### Prompt
Please say how many lines of the entries below contain the word "item", and leave out everything else.
** The records follows **
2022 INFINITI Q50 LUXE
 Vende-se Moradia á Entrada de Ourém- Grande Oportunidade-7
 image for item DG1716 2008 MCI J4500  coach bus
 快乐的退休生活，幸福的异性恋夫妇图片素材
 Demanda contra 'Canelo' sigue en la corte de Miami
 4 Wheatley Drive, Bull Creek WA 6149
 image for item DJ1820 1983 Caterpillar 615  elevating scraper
** End of The records **
### Response area
2